Data extract
-- Opening Marker --

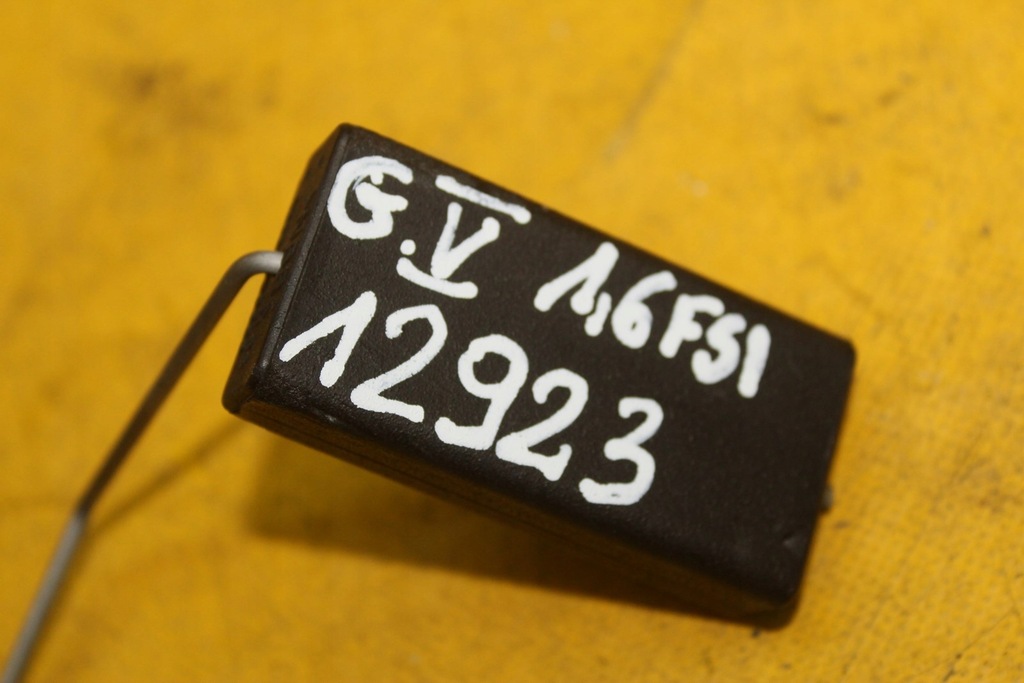 фото №7, Датчик уровня топлива vw golf v a3 1.6 fsi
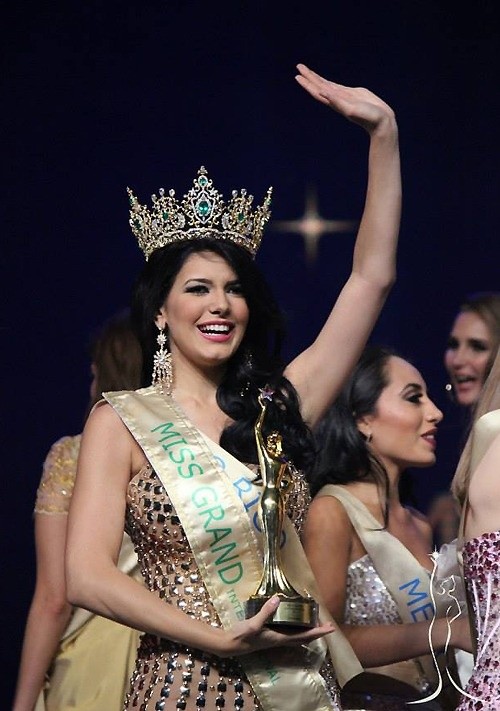 Ngam nhan sac hoa hau Miss Universe va Miss Grand 10 nam qua-Hinh-17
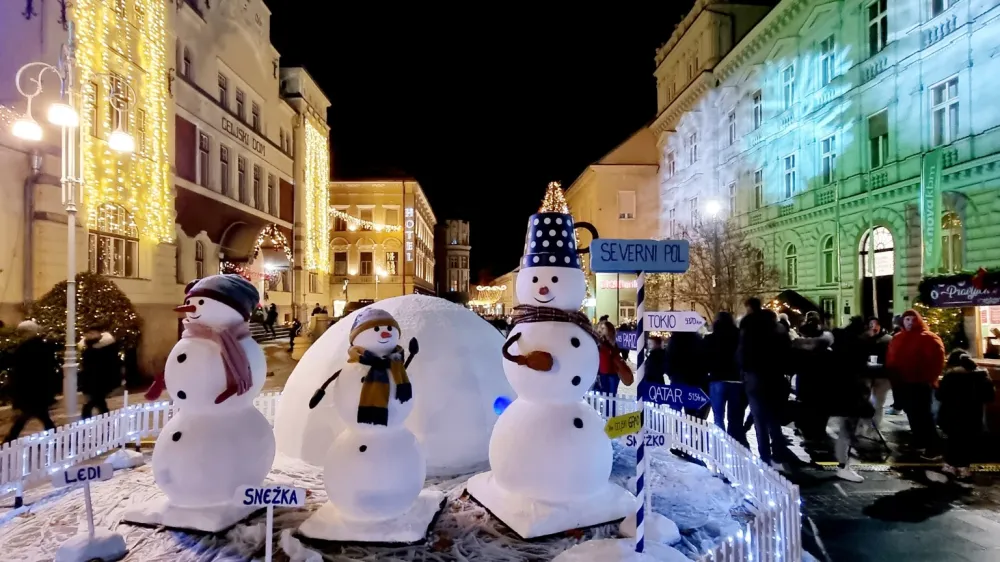 Tudi Pravljično Celje letos privablja obiskovalce od blizu in daleč s pestro ponudbo in različnimi dogodki za najmlajše, pa tudi starejše. F Gregor Katič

-- Closing Marker --

What you should do
Return the listing verbatim, pictures omitted.

Result of the exercise
 фото №7, Датчик уровня топлива vw golf v a3 1.6 fsi
 Ngam nhan sac hoa hau Miss Universe va Miss Grand 10 nam qua-Hinh-17
 Tudi Pravljično Celje letos privablja obiskovalce od blizu in daleč s pestro ponudbo in različnimi dogodki za najmlajše, pa tudi starejše. F Gregor Katič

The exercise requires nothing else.